McGuffee and Elcock studied the effects of crowding in a cytoplasmic model system of E. coli containing the 50 most abundant proteins, but without explicit water.[25] Steric forces with and without electrostatic interactions cause different dynamics as shown by the difference in the diffusion coefficient of GFP as one of the constituents of their model, however, the GFP diffusion coefficient predicted by that model[25] was still not correct when compared to measurements.[17,19,20] The addition of an intramolecular interaction by Lennard-Jones potential was used to obtain a correct diffusion coefficient of GFP,[25] however, for this, the Lennard-Jones parameter had to be exaggerated since the role of water was neglected.[87] Skolnick highlights in a review[88] the importance of hydrodynamic interactions for understanding biomolecular mobility under crowding conditions. However, these models predict, for instance, that the decay of translational diffusion is size-dependent, something that seems to be at odds with our findings (Figure B) although the range of protein sizes studied here is limited and crowders of different sizes and chemical composition can have different effects. It should be noted that, in general, hydrodynamic interactions need to be considered only when no explicit solvent is present.[86]

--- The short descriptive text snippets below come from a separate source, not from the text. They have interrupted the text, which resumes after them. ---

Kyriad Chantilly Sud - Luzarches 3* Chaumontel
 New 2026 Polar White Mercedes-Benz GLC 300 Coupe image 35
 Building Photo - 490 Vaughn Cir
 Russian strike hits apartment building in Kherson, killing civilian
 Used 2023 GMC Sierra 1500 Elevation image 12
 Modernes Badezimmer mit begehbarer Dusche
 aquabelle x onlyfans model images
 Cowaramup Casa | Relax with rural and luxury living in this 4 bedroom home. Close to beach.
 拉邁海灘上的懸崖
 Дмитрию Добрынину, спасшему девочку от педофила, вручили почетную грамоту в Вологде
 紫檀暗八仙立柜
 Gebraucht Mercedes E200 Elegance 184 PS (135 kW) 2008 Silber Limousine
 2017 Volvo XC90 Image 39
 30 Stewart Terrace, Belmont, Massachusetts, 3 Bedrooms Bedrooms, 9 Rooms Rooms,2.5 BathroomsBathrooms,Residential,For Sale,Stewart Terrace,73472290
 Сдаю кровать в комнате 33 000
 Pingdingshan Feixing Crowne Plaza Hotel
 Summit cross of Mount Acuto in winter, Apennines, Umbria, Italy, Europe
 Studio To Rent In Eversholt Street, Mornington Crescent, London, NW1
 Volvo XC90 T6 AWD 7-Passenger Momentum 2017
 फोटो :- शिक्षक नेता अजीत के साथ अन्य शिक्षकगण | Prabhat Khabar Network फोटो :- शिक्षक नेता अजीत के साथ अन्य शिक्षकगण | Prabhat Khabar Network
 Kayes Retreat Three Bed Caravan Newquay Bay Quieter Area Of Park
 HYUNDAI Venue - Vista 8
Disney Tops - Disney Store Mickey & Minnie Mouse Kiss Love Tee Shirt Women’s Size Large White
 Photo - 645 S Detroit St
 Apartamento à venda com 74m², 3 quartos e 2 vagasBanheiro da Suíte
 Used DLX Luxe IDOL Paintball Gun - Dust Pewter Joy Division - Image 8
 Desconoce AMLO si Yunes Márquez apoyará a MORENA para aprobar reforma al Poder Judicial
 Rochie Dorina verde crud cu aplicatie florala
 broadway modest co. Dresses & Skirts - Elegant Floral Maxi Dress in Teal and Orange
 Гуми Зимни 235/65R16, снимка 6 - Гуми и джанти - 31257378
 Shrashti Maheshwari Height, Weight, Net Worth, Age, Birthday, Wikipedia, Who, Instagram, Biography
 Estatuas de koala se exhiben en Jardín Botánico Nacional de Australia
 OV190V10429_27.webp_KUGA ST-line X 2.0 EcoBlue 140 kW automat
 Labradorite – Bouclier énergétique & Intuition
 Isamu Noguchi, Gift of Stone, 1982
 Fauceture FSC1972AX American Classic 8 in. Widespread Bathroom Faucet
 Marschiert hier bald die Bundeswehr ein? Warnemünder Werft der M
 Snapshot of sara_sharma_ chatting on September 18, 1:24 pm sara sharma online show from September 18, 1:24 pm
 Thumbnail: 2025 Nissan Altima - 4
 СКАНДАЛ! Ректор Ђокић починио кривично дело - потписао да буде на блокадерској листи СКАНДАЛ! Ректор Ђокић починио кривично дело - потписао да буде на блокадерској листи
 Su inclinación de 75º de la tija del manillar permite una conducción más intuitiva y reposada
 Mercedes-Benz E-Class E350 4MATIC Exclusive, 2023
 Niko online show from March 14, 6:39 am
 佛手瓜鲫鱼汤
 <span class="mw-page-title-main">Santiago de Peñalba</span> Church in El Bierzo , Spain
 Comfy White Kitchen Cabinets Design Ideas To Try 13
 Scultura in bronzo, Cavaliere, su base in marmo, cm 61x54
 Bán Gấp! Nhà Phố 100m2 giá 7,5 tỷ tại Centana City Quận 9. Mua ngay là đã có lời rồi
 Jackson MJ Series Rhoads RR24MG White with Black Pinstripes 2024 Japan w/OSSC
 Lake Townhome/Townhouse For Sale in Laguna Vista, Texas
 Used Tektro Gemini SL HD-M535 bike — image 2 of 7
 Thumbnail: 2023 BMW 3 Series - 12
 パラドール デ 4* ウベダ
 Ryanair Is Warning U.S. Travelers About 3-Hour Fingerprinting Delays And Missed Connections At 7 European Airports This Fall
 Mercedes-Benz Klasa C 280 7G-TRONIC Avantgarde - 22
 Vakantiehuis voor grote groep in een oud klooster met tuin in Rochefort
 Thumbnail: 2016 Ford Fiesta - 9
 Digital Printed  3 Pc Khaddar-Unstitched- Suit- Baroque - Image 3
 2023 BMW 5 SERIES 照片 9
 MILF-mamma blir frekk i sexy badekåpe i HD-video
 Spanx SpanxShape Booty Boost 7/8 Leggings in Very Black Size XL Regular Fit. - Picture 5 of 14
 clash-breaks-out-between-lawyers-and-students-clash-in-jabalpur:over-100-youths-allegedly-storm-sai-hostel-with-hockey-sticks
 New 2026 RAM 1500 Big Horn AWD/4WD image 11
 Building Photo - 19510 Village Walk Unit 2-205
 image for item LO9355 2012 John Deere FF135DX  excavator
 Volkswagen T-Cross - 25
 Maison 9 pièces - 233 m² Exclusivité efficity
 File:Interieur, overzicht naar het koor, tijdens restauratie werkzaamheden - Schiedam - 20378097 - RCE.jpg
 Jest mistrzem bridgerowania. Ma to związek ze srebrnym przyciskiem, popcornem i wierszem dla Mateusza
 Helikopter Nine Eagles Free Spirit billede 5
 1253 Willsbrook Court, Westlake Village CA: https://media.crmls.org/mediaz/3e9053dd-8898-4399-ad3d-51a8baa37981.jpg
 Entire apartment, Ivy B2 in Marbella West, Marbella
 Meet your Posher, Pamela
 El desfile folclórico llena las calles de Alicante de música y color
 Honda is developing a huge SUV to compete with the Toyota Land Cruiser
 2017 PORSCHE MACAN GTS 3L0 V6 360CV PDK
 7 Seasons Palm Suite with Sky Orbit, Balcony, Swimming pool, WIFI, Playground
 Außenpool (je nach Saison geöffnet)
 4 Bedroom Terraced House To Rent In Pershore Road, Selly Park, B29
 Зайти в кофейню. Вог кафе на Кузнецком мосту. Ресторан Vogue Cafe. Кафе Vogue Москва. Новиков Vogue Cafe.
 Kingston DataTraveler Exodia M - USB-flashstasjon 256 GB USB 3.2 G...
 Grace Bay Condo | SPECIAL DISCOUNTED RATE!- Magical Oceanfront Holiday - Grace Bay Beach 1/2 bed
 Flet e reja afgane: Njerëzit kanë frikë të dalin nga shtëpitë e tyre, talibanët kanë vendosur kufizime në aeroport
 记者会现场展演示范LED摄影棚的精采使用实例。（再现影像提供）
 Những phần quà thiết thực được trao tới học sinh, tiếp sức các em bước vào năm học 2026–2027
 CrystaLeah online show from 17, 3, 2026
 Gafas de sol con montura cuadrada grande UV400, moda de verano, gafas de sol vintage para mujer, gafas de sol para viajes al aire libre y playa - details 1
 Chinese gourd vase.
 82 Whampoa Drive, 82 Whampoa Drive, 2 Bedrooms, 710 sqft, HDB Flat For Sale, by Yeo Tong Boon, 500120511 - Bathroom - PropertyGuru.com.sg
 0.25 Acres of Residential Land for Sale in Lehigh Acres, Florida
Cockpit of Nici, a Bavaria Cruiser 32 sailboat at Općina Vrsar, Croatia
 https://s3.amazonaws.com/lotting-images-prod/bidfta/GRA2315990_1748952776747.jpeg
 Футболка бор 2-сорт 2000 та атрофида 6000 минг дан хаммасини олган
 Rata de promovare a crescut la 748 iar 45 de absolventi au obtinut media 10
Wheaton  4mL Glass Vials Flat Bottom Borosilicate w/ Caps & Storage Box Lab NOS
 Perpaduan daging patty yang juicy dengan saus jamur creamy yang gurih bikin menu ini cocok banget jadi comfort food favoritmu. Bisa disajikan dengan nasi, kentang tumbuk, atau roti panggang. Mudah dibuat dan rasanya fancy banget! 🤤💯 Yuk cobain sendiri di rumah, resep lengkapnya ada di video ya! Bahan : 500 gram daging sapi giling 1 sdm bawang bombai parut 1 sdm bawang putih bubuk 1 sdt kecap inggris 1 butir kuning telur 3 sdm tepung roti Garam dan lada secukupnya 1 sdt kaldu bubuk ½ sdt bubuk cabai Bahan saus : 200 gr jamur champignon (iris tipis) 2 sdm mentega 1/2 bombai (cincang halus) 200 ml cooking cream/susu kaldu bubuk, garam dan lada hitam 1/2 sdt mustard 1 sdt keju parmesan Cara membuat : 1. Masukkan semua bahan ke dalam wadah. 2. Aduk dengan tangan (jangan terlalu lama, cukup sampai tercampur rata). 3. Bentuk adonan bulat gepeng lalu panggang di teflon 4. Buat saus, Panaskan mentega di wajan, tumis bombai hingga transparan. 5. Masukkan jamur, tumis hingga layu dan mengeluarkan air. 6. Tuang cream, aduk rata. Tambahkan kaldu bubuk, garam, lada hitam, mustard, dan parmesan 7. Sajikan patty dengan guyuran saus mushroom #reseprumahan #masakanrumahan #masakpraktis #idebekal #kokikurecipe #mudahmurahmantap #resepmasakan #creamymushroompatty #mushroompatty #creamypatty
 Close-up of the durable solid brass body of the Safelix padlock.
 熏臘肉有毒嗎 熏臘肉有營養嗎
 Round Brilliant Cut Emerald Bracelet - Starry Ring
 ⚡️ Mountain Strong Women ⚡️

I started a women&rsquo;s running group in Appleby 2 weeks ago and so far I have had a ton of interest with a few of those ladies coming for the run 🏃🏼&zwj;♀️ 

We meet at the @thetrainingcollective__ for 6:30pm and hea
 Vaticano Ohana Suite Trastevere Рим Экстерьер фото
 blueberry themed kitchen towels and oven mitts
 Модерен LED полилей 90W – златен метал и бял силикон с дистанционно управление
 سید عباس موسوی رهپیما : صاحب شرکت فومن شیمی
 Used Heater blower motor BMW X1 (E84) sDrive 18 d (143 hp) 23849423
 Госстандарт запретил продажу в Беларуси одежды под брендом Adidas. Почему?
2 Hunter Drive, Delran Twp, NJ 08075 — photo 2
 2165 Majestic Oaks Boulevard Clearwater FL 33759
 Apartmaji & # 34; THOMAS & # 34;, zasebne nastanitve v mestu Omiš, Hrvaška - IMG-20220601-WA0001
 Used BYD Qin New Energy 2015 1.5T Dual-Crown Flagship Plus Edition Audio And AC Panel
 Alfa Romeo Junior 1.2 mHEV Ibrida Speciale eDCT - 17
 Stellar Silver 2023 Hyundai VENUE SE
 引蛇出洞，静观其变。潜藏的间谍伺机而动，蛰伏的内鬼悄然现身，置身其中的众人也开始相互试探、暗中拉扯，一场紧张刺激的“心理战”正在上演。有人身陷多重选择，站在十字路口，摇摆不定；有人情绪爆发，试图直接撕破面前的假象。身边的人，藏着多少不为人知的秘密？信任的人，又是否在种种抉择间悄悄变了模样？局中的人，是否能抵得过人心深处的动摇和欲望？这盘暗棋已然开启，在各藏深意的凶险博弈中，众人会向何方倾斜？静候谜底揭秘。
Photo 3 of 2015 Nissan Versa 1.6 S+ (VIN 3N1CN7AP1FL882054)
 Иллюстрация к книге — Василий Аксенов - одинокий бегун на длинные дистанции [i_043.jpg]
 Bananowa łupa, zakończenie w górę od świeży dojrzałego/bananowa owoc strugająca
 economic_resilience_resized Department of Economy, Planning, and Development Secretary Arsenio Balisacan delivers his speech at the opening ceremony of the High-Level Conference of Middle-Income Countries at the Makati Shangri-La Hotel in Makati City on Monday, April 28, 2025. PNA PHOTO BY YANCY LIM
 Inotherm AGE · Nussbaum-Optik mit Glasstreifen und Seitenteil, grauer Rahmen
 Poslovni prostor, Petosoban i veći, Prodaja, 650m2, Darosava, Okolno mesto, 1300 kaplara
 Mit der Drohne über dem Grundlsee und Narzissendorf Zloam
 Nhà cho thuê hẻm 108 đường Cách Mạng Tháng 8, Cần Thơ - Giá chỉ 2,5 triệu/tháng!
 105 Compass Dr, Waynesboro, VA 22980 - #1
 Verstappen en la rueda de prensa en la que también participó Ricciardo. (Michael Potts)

It has been shown that proteins become more stable under crowding conditions effectuated through inert synthetic polymers, where only the steric effects are important.[89−92] However, when doing the measurement in a cellular-like environment, it was found that electrostatic interactions destabilize protein structures when opposite charges on the surface attract each other.[93] In some cases, electrostatic interactions may stabilize the structures due to repulsive forces.[5,94,95] These findings emphasize that the effect of direct intermolecular interactions on stability is not negligible. Few intermolecular protein–protein hydrogen bonds were found in this study (Table ), but solvent-separated interactions are important (Figure ), and there is an effect of protein concentration on protein stability (Figure ). It cannot be excluded that due to the force field used for this study, the solute–solvent interactions are strengthened so much that the proteins have the tendency to bind to water more than to the other proteins and, as a result, it seems that the region containing a loop and α-helix (residue 30–50) of the 2kim protein is destabilized (Figure C). This behavior was not observed when the original Amber ff99SB-ILDN was used (Figures D and 3). Interestingly, the stability increases when the protein concentration goes up for both 2kim (Figure C) and ubiquitin (Figure B), in line with the experimental studies mentioned.[89−92]

Without a doubt, the relationship between protein stability and the environment or protein dynamics and the environment is very complex.[28,31,70] Although MD simulations are ideally suited to study large and complex systems of biomolecules, be it virus particles[96−99] or crowding effects[27,28] in atomistic detail, it will take considerable effort to tune force fields to become completely transferable between different chemical environments.[100,101] It may be necessary to consider long-range dispersion interactions explicitly[37,38,55,102] or to include higher-order terms of the London dispersion forces to obtain more accurate simulations.[103] However, to study the effect of crowding without altering the van der Waals parameters, using a model with higher-order dispersion coefficients[103] or a polarizable force field[104,105] might give results closer to experimental values, even though conventional force field improvement is still on-going as well.[106]